I scan my new home: the tent at the base of the big maple; Dad’s improvised tarp structure protecting my bins of essentials; the card table workstation under the fabric awning. Down the slope, a zigzag of wash-line weaves through the garden.

I’m living in my parents’ backyard. Not quite what I had in mind nearing my thirtieth birthday.

“Dad’s making stir fry!” Mom calls.

I load my groceries into a cooler and walk down the side of the house to peer at her through the kitchen screen.

“Rice or quinoa?” she asks.

“Rice,” I say, then point at the back stoop. “I’ve got more containers for you.” It’s our trade: old peanut-butter jars full of urine for a hot dinner.

Out front a car door slams, announcing the arrival of brother-in-law Ian and little nephew Finnegan. I greet Ian through the kitchen screen. Finnegan, too short to see me, comes to the sliding-glass door and opens it with the weight of his body.

“Why are you living in a tent?” he asks.

How do I explain this to a five-year-old? “The house might be making me sick,” I say. “But isn’t camping fun!”

“Yeah!” he yells and runs to my tent awning, disappearing underneath. I rush to head him off, as he might be carrying mold spores that could contaminate the pristine sleeping space. I distract him with the vegetable plot, where we pick curling tromboncino squash to wear as jewelry before parading around our garden kingdom for laughs.

Later, after a neighborhood walk to pick blackberries and a picnic dinner, I steal away from the murmuring voices of my family to the darkening side-yard. I must decontaminate so my hair can dry before bed. Shouldering my warm solar bladder, I wade through the tangle of grape and kiwi vines to the base of the birch tree and perch the lamp on a cement block. I squat on the weedy sewer cover to fit beneath the shower nozzle, reveling in my two private minutes of hot water bliss mere feet from the neighbor’s house.

As I scrub my hair, skin goose bumped, Mom’s question from the morning plays on repeat.

“When will you come back inside?” she asked from the back stoop, a warm jar of urine in each hand. “Isn’t it time to see what happens?”

Arms deep in a wash basin, I squeezed my sudsy tank-top half-heartedly. “What if I react horribly?”

“Then you’ll know.”

The slippery cloth between my fingers suddenly transported me back in time to the river, during the first weeks of this mold sabbatical, and I could once again feel the current pulling at me, threatening to carry my bed sheet downstream.

“But what if nothing happens?”

Mom remained quiet.
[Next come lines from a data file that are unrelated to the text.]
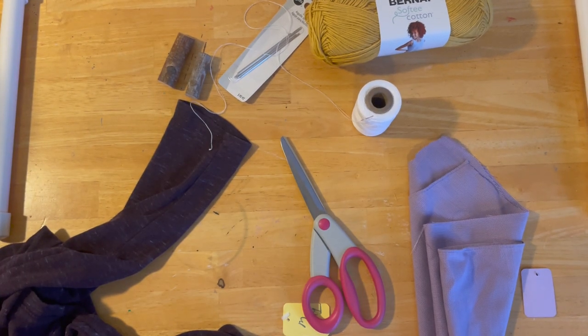Hi guys, welcome to my crazy life. It's Lori and today we're going to make some fabric pumpkins.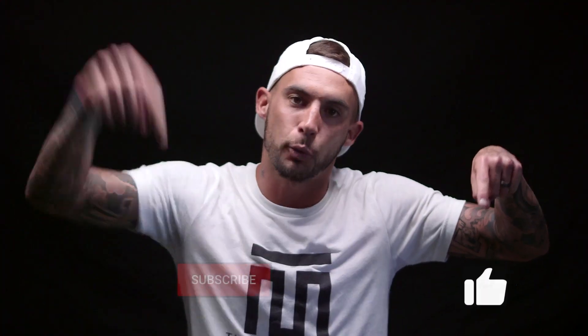Hey Picklers, if you enjoyed this instructional video, do me a favor — make sure to like, subscribe, and turn those notifications on.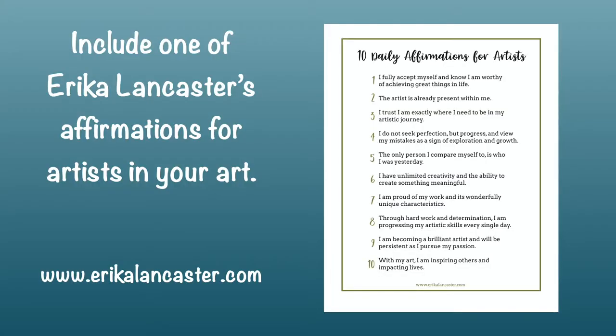One of my favorite affirmations is from Erica Lancaster: 'I am proud of my work and its wonderfully unique characteristics.' Check out Erica's website, ericalancaster.com, where you can download a free PDF of these 10 affirmations for artists.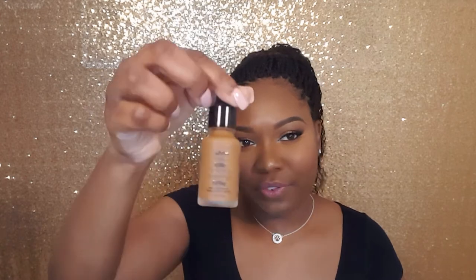Now on to the review on the new NYX Total Control Drop Foundation. I got mine in the shade Mocha, but they have 24 different shades. This is the shade I thought would best suit me. The foundation is around $13 or $14 — I have the price linked in the description below. It claims to have a demi-matte finish, which I definitely agree with. I like that it's not too matte because I have dry skin, so you don't see dry patches showing through. The foundation just gives a beautiful finish. It's 0.43 ounces, but you don't really need a lot — I used about 17 drops, which isn't a lot, so I don't see myself going through this bottle quickly.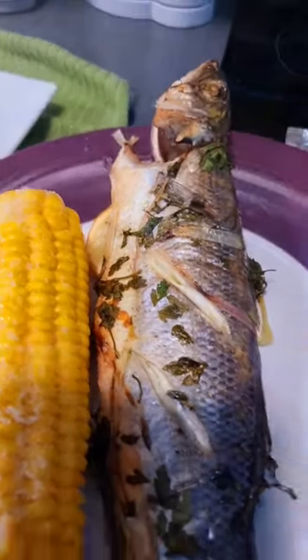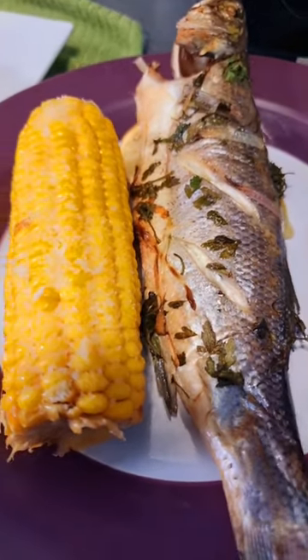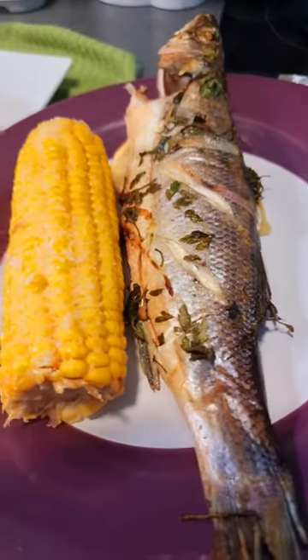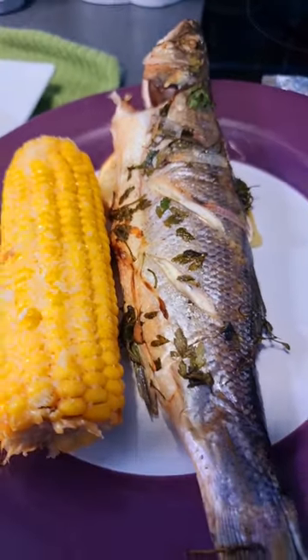Look at that delicious oven baked sea bass, cooked beautifully with a nice lemon and other spices, and that sweet corn with a bit of parmesan. So delicious and yummy — coming soon on Ricardo Madrian's channel!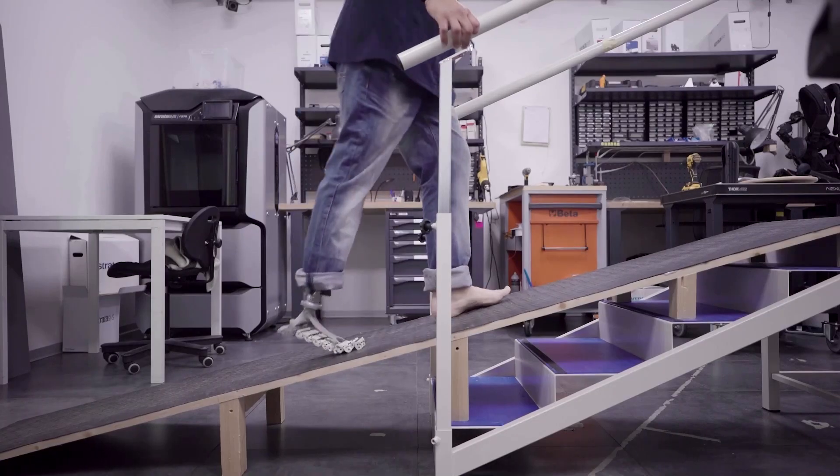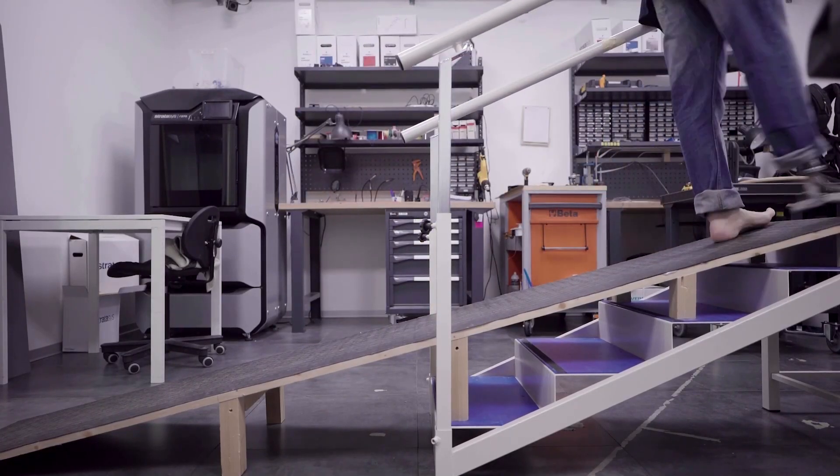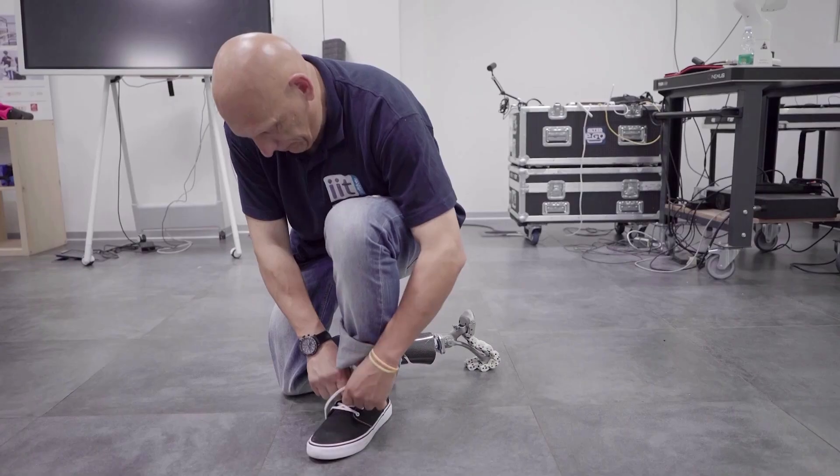Catalano says that current prosthetics have flat or low-compliant feet, meaning they aren't able to adapt to changes in terrain or posture.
I knew we were thinking the same thing—that the search for answers would begin again.

The shower dries to a trickle, and I scurry to dress against the cold. Ian has bundled Finnegan into his pajamas, and I wave goodbye from the driveway. As night falls, I wander the paved streets barefoot, watching my neighbors through their lit-up windows. In the backyard, I whistle goodnight to the cockatiels as my parents close the blinds. I sit in the dark and watch their TV flicker against the curtains, listen to distant traffic, the Bewick’s wrens settling in for sleep. Maybe tomorrow I will go back inside. Maybe not.

Above me, in his hammock awning, the racoon rises to begin his evening prowl. The streetlights turn on. Two eyes reflect the glow; two eyes remain in darkness. I let the foliage consume me.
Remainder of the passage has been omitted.